→ **Task directions**: What follows is a set of entries. Repeat them exactly, but not their pictures.

START Material provided

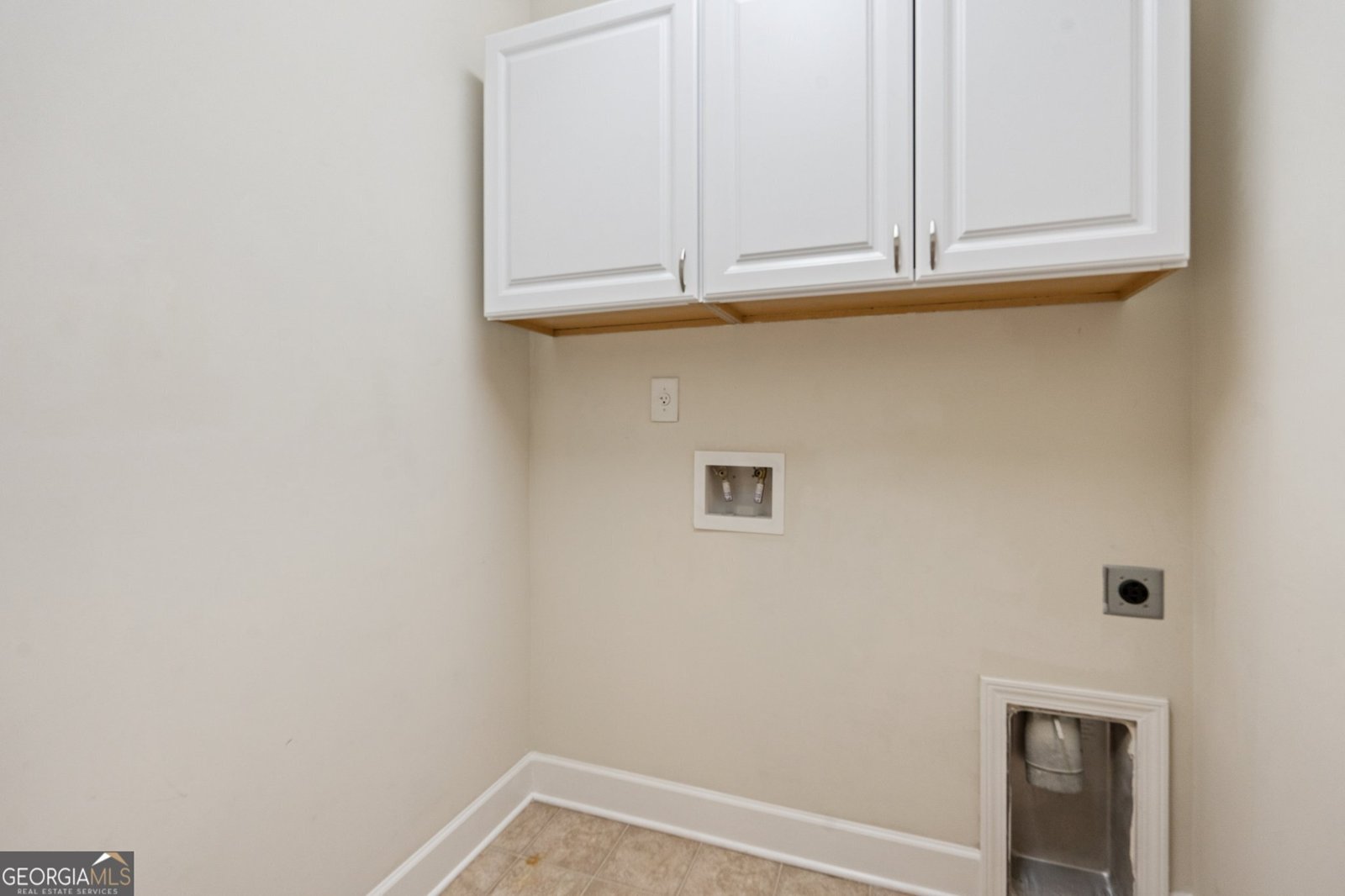 1514 Woodbridge Way Atlanta - 49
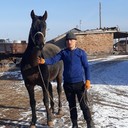 ���������� �����, ���� ������� ��i�, 39 ���, ������������ ��� ������, ����� � ���������, c�������� ���������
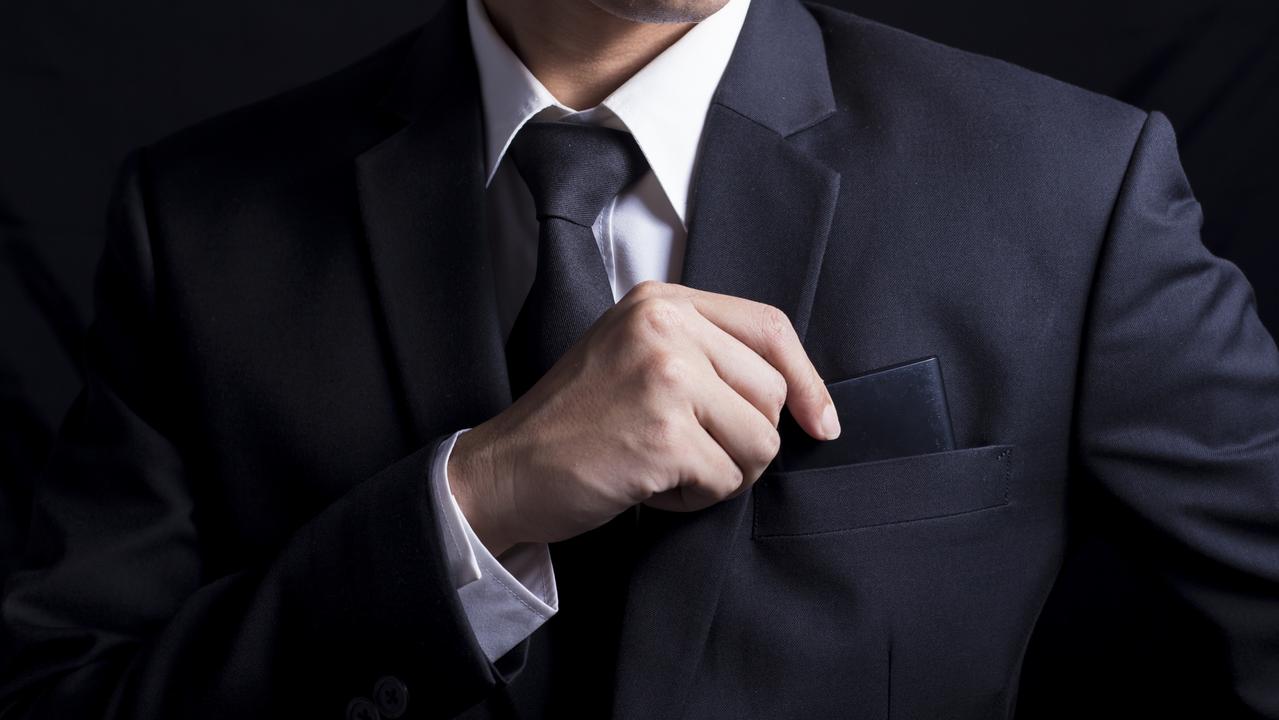 Australians are able to depart from formal work attire while they are based at home, studies have found.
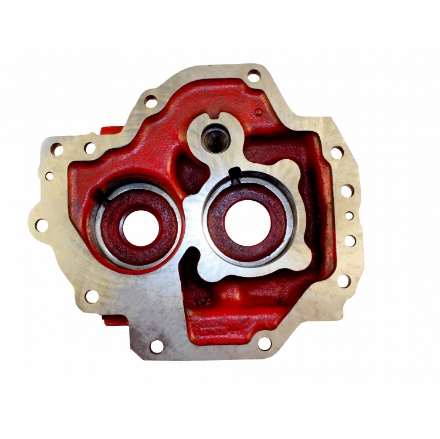 Picture of Dual Speed IPTO Housing Cover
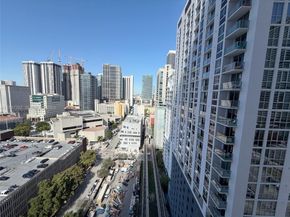 133 NE 2nd Ave 2107, Miami FL 33132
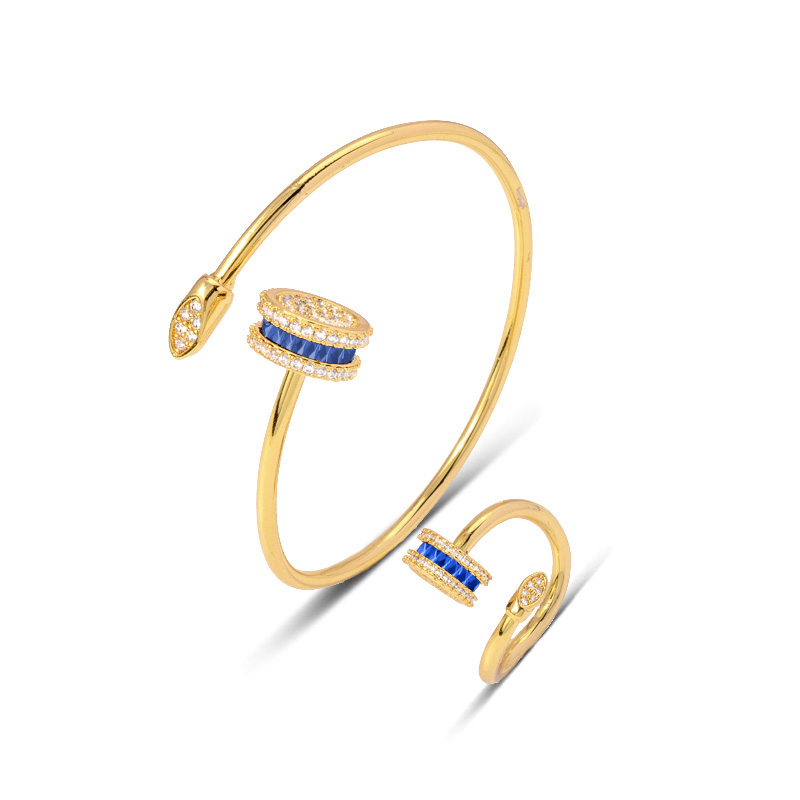 SY-BR0016-A   เอสวาย-บีอาร์0016-เอ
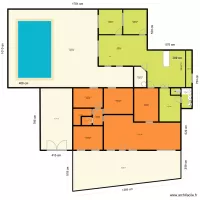 Maison 2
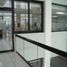 0 SqM Office for rent in Veracruz, Veracruz, Veracruz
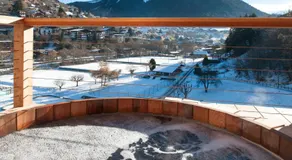 CHALET KAILA - Image 4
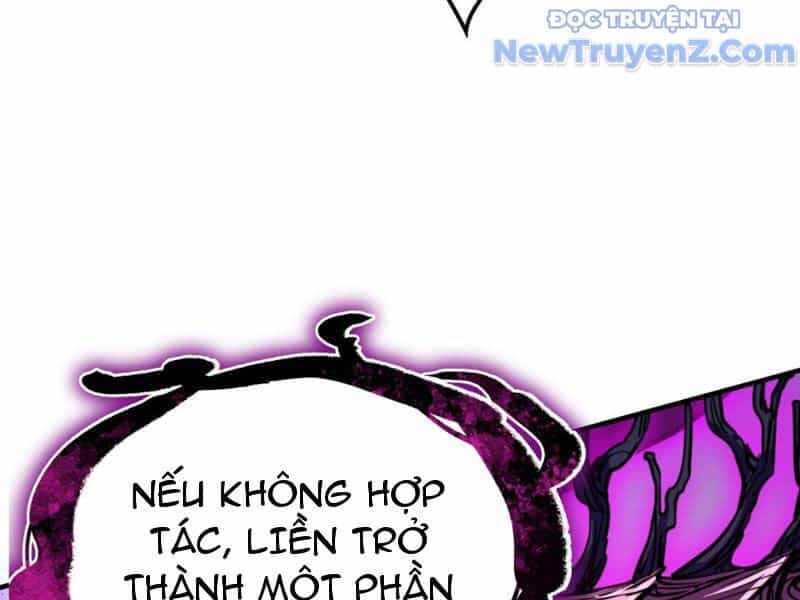 Bắt Đầu Từ Việc Ký Gửi, Ta Một Mình Trảm Thần - Chương 8 - ảnh 48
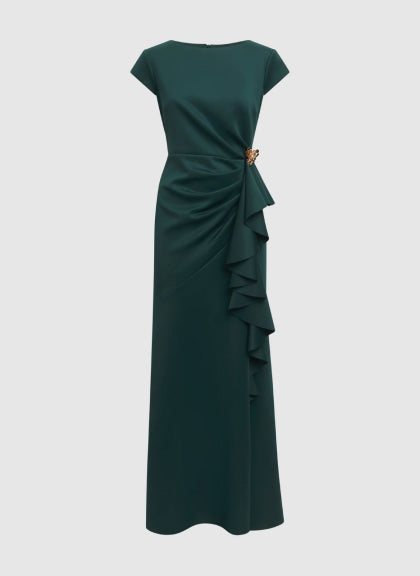 Mother of the Bride Dresses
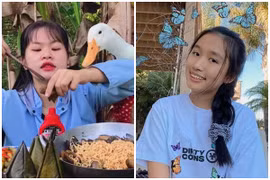 Dàn Youtuber 2K 'làm loạn" MXH, doanh thu nhìn phát thèm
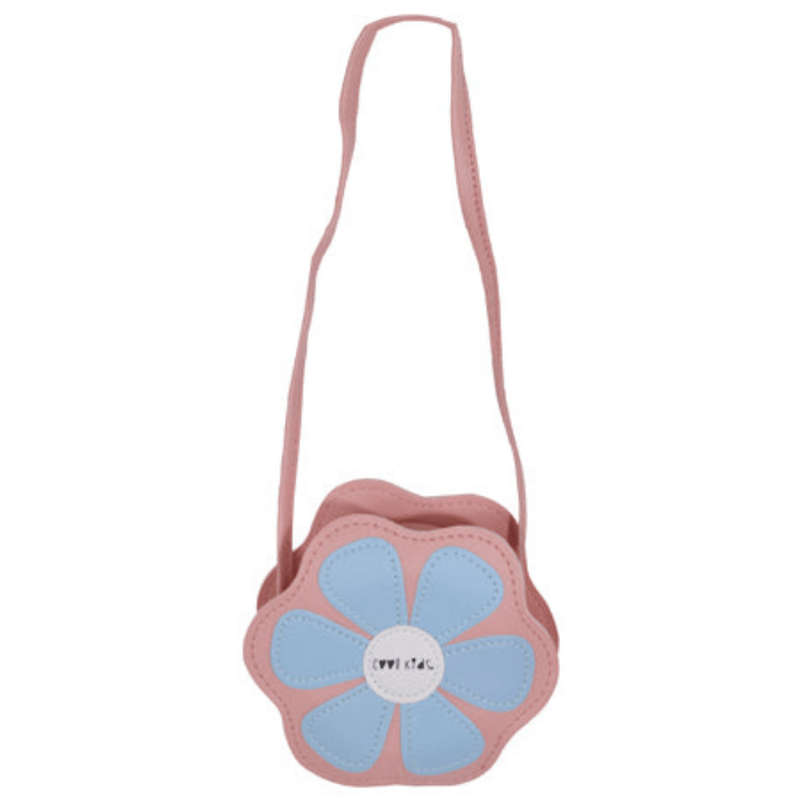 Cool Kids Blossom Bag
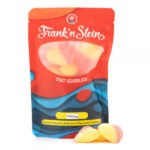 FABCBD – Delta 9 Gummies - Image 10
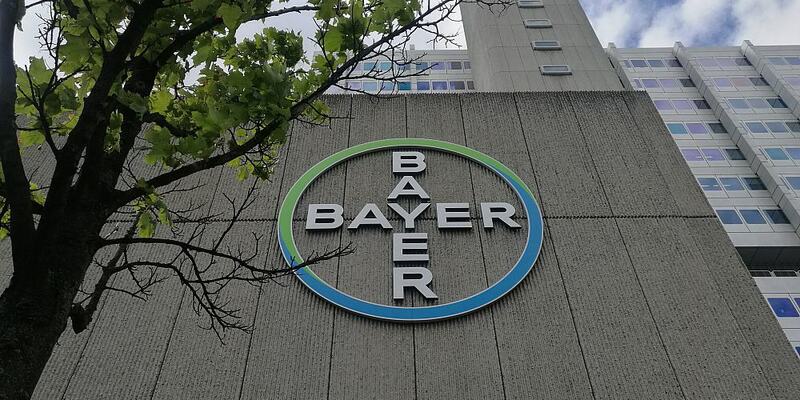 Bayer - Foto: über dts Nachrichtenagentur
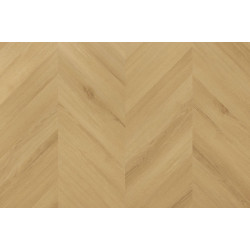 Parchet SPC Amaron Chevron Virgin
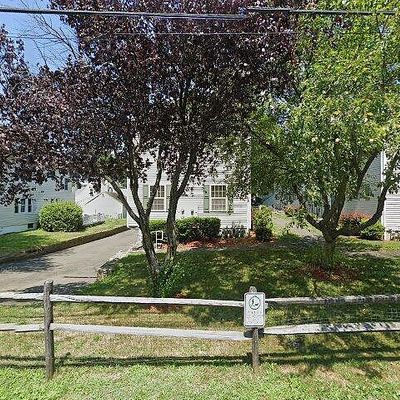 138 W Cedar Street, Norwalk, CT 06854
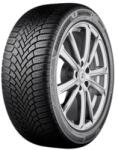 Bridgestone Anvelopa Iarna Bridgestone 215/65 R17 99h Blizzak 6 Enliten Ms 3pmsf (e-11, 7)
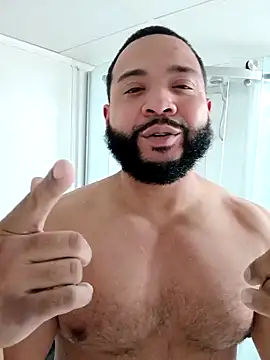 tripping385 live sex cam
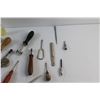 Image 3 : Leather Carving Kit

END Material provided

→ **Task solution**:
 1514 Woodbridge Way Atlanta - 49
 ���������� �����, ���� ������� ��i�, 39 ���, ������������ ��� ������, ����� � ���������, c�������� ���������
 Australians are able to depart from formal work attire while they are based at home, studies have found.
 Picture of Dual Speed IPTO Housing Cover
 133 NE 2nd Ave 2107, Miami FL 33132
 SY-BR0016-A   เอสวาย-บีอาร์0016-เอ
 Maison 2
 0 SqM Office for rent in Veracruz, Veracruz, Veracruz
 CHALET KAILA - Image 4
 Bắt Đầu Từ Việc Ký Gửi, Ta Một Mình Trảm Thần - Chương 8 - ảnh 48
 Mother of the Bride Dresses
 Dàn Youtuber 2K 'làm loạn" MXH, doanh thu nhìn phát thèm
 Cool Kids Blossom Bag
 FABCBD – Delta 9 Gummies - Image 10
 Bayer - Foto: über dts Nachrichtenagentur
 Parchet SPC Amaron Chevron Virgin
 138 W Cedar Street, Norwalk, CT 06854
 Bridgestone Anvelopa Iarna Bridgestone 215/65 R17 99h Blizzak 6 Enliten Ms 3pmsf (e-11, 7)
 tripping385 live sex cam
 Image 3 : Leather Carving Kit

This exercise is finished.